Miffed by the laws which stopped him from driving freely in his own country, Waseem started an initiative to enable people to drive without borders. He even quit his job to fight for the cause. Know more about him.
Waseem Memon seems like a regular family guy with a transferrable job. From Hubli to Hyderabad, then Mumbai to Delhi, again back to Hyderabad and finally settled in Bengaluru, Waseem spent a large amount of his time relocating.
You might wonder why are we discussing Waseem’s travel itinerary here? But what is to follow after this can potentially bring great relief to thousands of people with a vehicle in India.
Everywhere Waseem went, he bought a new car with the registration number of that particular state. Imagine the plight of buying a new car and selling the old one every time you move to a different state?
So when finally Waseem came back to Bangalore, he decided, “No more.”
“Especially my jeep – my kids have grown up in it. We have an emotional connection with that. They’ll not let me sell that,” he says.
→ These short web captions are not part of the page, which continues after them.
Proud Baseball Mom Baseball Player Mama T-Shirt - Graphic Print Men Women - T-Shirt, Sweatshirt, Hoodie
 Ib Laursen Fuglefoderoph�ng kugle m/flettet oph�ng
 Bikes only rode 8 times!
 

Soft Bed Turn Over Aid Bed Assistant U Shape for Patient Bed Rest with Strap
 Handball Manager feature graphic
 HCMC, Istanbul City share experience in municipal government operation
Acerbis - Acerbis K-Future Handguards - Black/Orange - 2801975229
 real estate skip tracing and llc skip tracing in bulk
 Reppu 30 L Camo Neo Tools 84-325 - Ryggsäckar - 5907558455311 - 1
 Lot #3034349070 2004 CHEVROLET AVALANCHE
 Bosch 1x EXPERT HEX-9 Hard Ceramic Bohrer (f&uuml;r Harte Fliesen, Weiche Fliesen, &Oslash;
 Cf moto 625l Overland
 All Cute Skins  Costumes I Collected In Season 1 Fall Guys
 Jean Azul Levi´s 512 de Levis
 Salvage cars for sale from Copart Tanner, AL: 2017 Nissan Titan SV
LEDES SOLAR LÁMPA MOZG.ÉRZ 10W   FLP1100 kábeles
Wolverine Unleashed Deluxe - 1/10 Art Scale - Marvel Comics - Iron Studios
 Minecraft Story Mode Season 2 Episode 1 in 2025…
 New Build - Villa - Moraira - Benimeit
Waseem wrote a letter to the Ministry of Road Transport and Highways about the law which requires a vehicle registered outside Karnataka to pay a lifetime tax levied by the government.
As per the amendment to the Karnataka Motor Vehicles Taxation (Amendment) Act 2014 on February 28, 2014, any vehicle plying in Karnataka for more than 30 days has to pay the lifetime tax levied by the State Government. At the same time, the central motor vehicles rules say that any vehicle plying continuously in another state should be registered in 11 months.
“This being a Central Act, an amendment to it requires the President’s assent. But the new law was amended and passed only with the approval of the Governor,” says Waseem.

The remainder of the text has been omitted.